The distressed exchange transaction restructured about $790 million in debt. The effort also generated about $125 million in new debt financing. All told, the company holds about $1.1 billion in debt financing obligations.
S&P Global sees the exchange as tantamount to a default.
In its most recent report, S&P Global Ratings’ outlook revision “primarily reflects our expectation for sustained free cash flow deficits.”
“This pressure has been exacerbated by rising labor costs, margin pressure on new facilities (during the ramp-up phase), and high leverage and cash interest expense,” the report states. “Although management is undertaking a broad array of initiatives to increase patient volumes, occupancy rates, operational efficiency, and revenue cycle management, these may be insufficient to offset downward pressure on per-patient rates.”

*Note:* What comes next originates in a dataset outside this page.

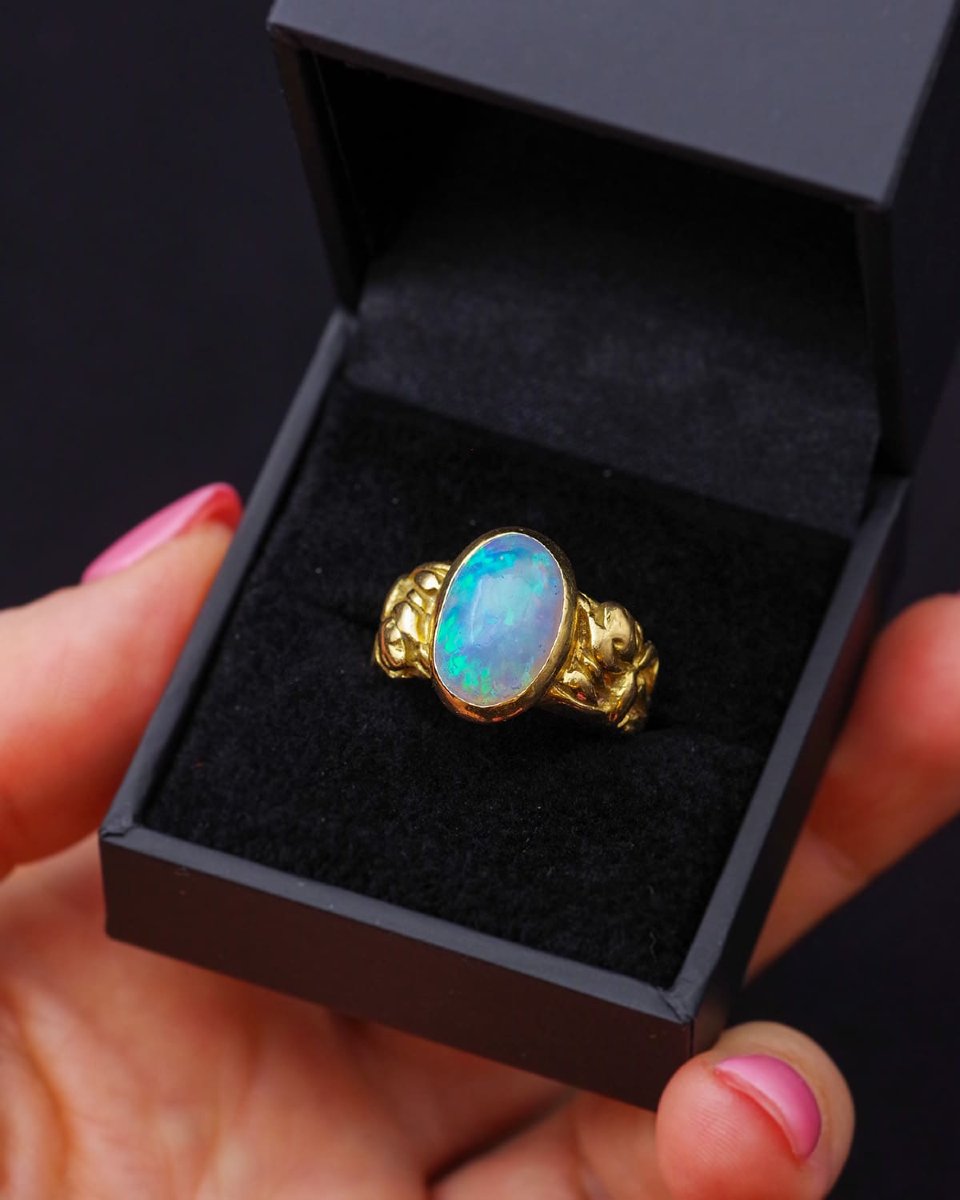 Iris Flower Opal Ring In 18 Karats Gold, Art Nouveau Style -photo-2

Summit BHC has not responded to a request for comment.
The company was founded in 2013. It has grown into a national player in the addiction treatment and psychiatric hospital space through M&A, later shifting to de novo expansion. That shift was further bolstered by the 2024 launch of an outpatient division. The company historically focused on residential and hospital care.

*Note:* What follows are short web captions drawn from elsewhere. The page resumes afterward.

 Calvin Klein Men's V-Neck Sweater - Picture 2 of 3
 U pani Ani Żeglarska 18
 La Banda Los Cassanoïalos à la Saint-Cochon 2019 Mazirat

An S&P Global Ratings report notes the company is in the process of closing several facilities as it focuses on “rationalization and operational restructuring.” The company appears to have parted ways with three residential facilities and two outpatient locations, based on a comparison of its current facility listing with an archived version of the same page from March 2025. All three facilities — one each in New Hampshire, New Jersey and Pennsylvania — were addiction treatment facilities.
“Reimbursement headwinds and uncertainty in the substance abuse disorder segment (about 40% of 2025 revenue) is a key factor in underperformance contributing to the free cash flow deficits,” an S&P Global Ratings report states. “Summit’s acute psychiatric facilities business (60% of 2025 revenue) is increasing revenue and performing broadly in line with our expectations.”

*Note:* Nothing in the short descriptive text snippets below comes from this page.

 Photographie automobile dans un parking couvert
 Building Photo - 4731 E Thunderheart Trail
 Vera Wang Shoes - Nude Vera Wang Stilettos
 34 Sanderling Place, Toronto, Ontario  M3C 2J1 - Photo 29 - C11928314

The report further states that the company is expected to have “a substantial free cash flow deficit in 2026 and a more modest shortfall in 2027.”
Summit BHC was acquired by Patient Square Capital in 2021, making 2026 its fifth year of its hold period. However, hold periods in the U.S. are increasing. One source puts the median hold period for PE-backed companies at six years.
“They’re kind of an older vintage when it comes to an investment for a PE group,” Ryan Kaczka, managing director of Strategique Partners, told Behavioral Health Business. “I would assume they are positioning themselves for either a recap or going to market.”
Kaczka notes that the psychiatric hospital space is seeing a lot of dealmaking at the moment. There are many changes in organization structures, with more opting for separations of real estate and operations into “opcos and propcos.” The industry also sees the benefit of quasi-monopoly status in many communities, where one hospital services a local population with little other competition.
The market is also seeing a turnover in leadership teams. In some cases, the teams that expanded these types of organizations are changing. Summit BHC named a new CEO in August 2025.
The addiction treatment space has seen operators’ success become highly dependent on payer mix and model. Companies that have invested in strong local referral networks and compliance, especially with payers, are doing well as payers ramp up scrutiny on behavioral health. This has been accelerated with the arrival of AI tools that can automate reviews at scale.
“Everyone right now is really trying to batten down the hatches on compliance,” Kaczka said. “If you don’t have the compliance and the billing set up and the referral system going, you’re dead in the water right now.”
The company also serves as another potential warning about the impact of highly leveraged behavioral health platforms amid massive U.S. interest rates increases following post-COVID-era inflation. During that time, the financial models and reimbursement realities of the behavioral health market have changed substantially.
Discovery Behavioral Health, for example, has been taken over by HPS Investment Partners. In that exchange, the company traded its equity for debt relief.
“To me, the broader sector takeaway is that behavioral health M&A is moving from a growth multiple market to a quality of earnings market,” Kaczka said. “They are asking which beds are actually profitable, how durable the referral channels are, how clean collections are, how much capex is required, how much EBITDA converts to cash, and whether there is embedded compliance, audit or recoupment risk.”